Goal of the exercise
Reproduce the line containing "Spotty Beta screenshot 2 of 4" in the listing below, then every later line up to the end, precisely as written.

The data
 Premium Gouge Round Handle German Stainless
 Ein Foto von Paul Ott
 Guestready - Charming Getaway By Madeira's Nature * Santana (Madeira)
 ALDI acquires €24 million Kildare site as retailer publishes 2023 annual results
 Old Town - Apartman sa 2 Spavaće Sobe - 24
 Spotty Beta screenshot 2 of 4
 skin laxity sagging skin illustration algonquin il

Output for this exercise
 Spotty Beta screenshot 2 of 4
 skin laxity sagging skin illustration algonquin il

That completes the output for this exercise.